Bee Gul's stories often deal with themes of Reality & Identity. Hypocrisy is the underlying theme, involving bitter love & conservative values. Her work is often described as Artsy. She has written women-centric plays that threw light upon social issues, especially those concerning Asian or Pakistani Women, that portrayed the power of a gutsy woman.
Her film Intezaar (2022) is out now in Pakistani Cinemas nationwide.

TV series
Ain was a series made up of stories which explore all the various relationships that we go through in life; be they with people, with a special place, with God and religion or those of the spiritual kind. Picking up on a different ‘connection’ every week, the series will follow all sorts of relationships as they grow and transform. It could be a conflict between father and son; the ever-changing relationship between a husband and wife; the dynamics of sibling rivalry in a brother/sister relationship; the relationship between a character’s past, present and future or how a man’s love for God can reach extreme fanaticism. The series looks at the nature of human relationships from many different perspectives.
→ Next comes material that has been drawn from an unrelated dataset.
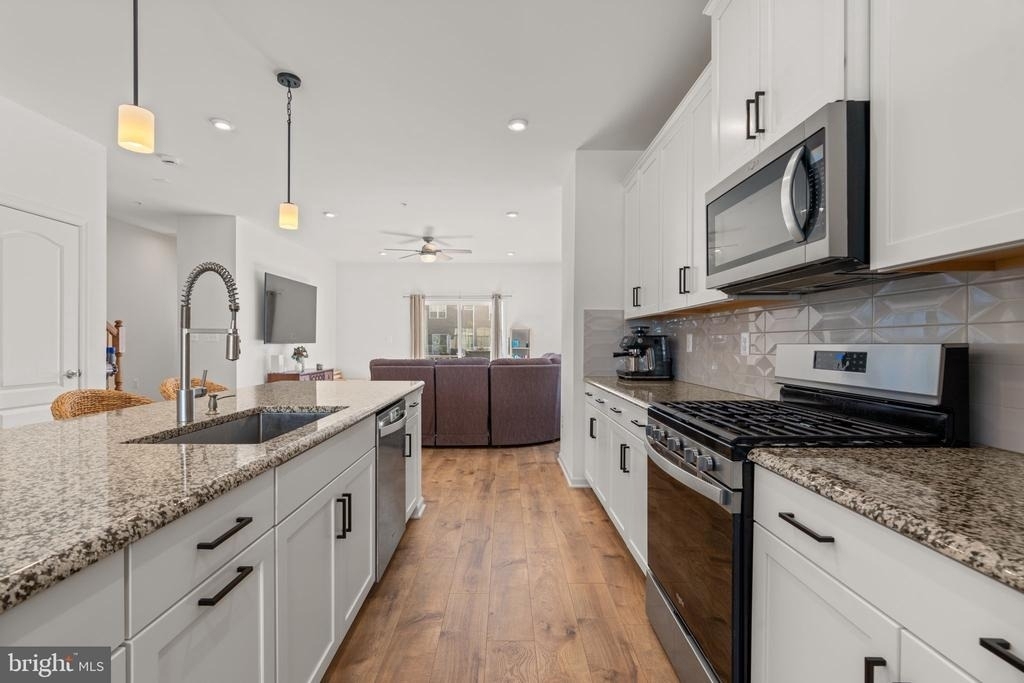 1605 Aster Lane - Photo 11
And makes us realize that whatever the connection, no matter how deep or superficial, it will always leave an impact on our lives and inevitably make us who we are.

In Talkhiyan the opening theme "Mujh se ab meri mohabbat ke fasaaney na kaho", was based on a Sahir Ludhianvi's poem and serial itself was named after Sahir Ludhianavi's Book, Talkhiyan. Bee Gul won a LUX Style Award (2019) for Best TV Writer for Dar Si Jaati Hai Sila, a play that tackled the topic of sexual predators in normal households.

Telefilms
Bee Gul's first script Kaun Qamar Aara was a television film that aired on Hum TV's 2nd telefilms festival, centers on the issues of undivided India and brings to life a tale of a husband and wife during this time. This one-hour short story featured Pakistani actor Shakeel and Faiza Hassan. Kaun Qamar Ara was the only film that was nominated in every category at 2nd Hum Telefilm Awards.
Gul received Best Telefilm Writer Award for Kaun Qamar Ara.

Filmography

As screenwriter

Television

Plays
 Naql-e-Makani, Badshahat Ka Khatima (A theatrical rendition of a short story by Manto and a play written by Rajinder Singh Bedi, both presented at NAPA auditorium. Dir. by Khalid Ahmed, 2013)  
 Bedroom Conversations (2019), presented at NAPA auditorium. Dir. by Khalid Ahmed, 2019.
 Kal Agar Main Marjaoun, Vasl productions. Dir. by Khalid Ahmed, 2021.

Accolades

See also

 List of Pakistani writers
 List of Urdu language writers

References

Pakistani screenwriters
Living people
Writers from Lahore
Pakistani dramatists and playwrights
Pakistani television writers
Year of birth missing (living people)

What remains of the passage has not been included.